Principle:Deepset ai Haystack Retrieval Recall Evaluation
Overview
Recall measures the proportion of relevant documents that were successfully retrieved from the total set of relevant documents. It answers the question: "Of all the documents that should have been found, how many were actually found?"
Domains
- Evaluation
- Information_Retrieval
Theoretical Foundation
Recall is defined as:
Recall = |relevant ∩ retrieved| / |relevant|
Where:
- |relevant ∩ retrieved| is the number of relevant documents that appear in the retrieved set.
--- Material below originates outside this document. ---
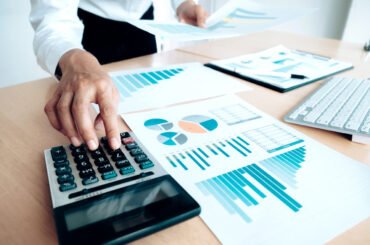 man-planning-business-account-with-analytics-report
- |relevant| is the total number of relevant documents (ground truth).
Recall Modes
In practice, recall can be measured in two distinct modes depending on the evaluation objective:
Single Hit Mode
Score = 1.0 if |relevant ∩ retrieved| > 0, else 0.0
This binary mode returns 1.0 if any relevant document was found in the retrieved results, and 0.0 otherwise. It is useful when finding at least one relevant document is sufficient (e.g., navigational search, simple QA).
Multi Hit Mode
Score = |relevant ∩ retrieved| / |relevant|
This proportional mode returns the fraction of relevant documents that were retrieved. It is useful when finding all relevant documents matters (e.g., comprehensive search, multi-document reasoning).
Key Properties
- Score range: 0.0 to 1.0 in both modes.
- Rank-agnostic: Unlike MRR and MAP, recall does not consider the order of retrieved documents. A relevant document at rank 100 contributes the same as one at rank 1.
- Set-based: Recall operates on unique document content, avoiding double-counting duplicates.
When to Use Recall
- RAG pipeline evaluation: To ensure the retriever captures all necessary context.
- Multi-hop question answering: Where multiple documents are needed to compose an answer.
- Pipeline filtering assessment: To determine if filtering steps discard too many relevant documents.
Limitations
- Does not account for the ranking of results.
- Does not penalize retrieving many irrelevant documents (use precision or MAP for that).
- In single hit mode, cannot distinguish between retrieving 1 vs. all relevant documents.
Relationship to Implementation
In the Haystack framework, this principle is realized by the DocumentRecallEvaluator component, which:
- Supports both SINGLE_HIT and MULTI_HIT modes via the
RecallModeenum. - Accepts lists of ground truth and retrieved documents per query.
- Returns both individual per-query scores and the aggregated recall score.
Related Principles
- Retrieval MRR Evaluation -- focuses on the rank of the first relevant result.
- Retrieval MAP Evaluation -- combines precision and ranking for all relevant results.
References
- Manning, C. D., Raghavan, P., & Schutze, H. (2008). "Introduction to Information Retrieval." Cambridge University Press.